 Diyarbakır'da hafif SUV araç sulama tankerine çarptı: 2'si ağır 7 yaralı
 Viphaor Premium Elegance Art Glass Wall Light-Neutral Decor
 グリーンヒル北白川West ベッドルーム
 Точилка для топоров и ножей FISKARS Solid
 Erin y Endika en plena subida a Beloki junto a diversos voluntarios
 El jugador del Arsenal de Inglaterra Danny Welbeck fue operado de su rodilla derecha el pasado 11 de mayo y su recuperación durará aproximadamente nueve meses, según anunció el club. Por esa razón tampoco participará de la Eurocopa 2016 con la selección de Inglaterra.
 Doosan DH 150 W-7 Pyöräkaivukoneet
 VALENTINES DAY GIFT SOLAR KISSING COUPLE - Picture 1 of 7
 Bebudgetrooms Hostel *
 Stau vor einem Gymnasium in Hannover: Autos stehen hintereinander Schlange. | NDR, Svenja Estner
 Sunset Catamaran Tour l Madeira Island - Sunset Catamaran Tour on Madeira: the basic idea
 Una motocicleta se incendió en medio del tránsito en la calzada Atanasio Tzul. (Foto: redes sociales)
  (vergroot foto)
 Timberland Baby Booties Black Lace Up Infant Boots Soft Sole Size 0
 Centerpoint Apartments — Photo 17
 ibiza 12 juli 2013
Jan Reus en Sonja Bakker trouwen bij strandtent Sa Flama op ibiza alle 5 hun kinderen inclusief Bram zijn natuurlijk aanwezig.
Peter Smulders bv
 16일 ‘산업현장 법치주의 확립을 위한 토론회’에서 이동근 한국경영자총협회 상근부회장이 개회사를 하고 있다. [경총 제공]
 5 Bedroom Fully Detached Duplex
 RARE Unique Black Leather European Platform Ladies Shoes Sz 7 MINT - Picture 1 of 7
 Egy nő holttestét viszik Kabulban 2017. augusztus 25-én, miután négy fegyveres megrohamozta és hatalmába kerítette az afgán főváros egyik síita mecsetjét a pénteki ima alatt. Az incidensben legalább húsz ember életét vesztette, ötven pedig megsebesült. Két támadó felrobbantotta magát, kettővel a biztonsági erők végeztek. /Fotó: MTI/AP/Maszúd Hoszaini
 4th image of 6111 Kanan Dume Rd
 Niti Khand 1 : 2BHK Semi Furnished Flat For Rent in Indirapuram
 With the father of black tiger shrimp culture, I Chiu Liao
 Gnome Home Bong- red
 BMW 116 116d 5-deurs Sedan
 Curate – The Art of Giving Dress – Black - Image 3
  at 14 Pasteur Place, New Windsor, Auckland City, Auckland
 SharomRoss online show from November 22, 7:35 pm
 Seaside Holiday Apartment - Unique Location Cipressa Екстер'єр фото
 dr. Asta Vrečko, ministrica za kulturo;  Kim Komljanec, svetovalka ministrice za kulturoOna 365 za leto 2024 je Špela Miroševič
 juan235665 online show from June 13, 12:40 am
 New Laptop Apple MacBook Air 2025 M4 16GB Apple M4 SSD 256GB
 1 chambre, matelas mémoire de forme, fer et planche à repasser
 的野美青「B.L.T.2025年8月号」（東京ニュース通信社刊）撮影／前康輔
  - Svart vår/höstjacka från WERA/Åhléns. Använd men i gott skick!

★ ★ ★

### Assignment
Return solely the number of lines in the data that include the word "Unique".

### Reply
2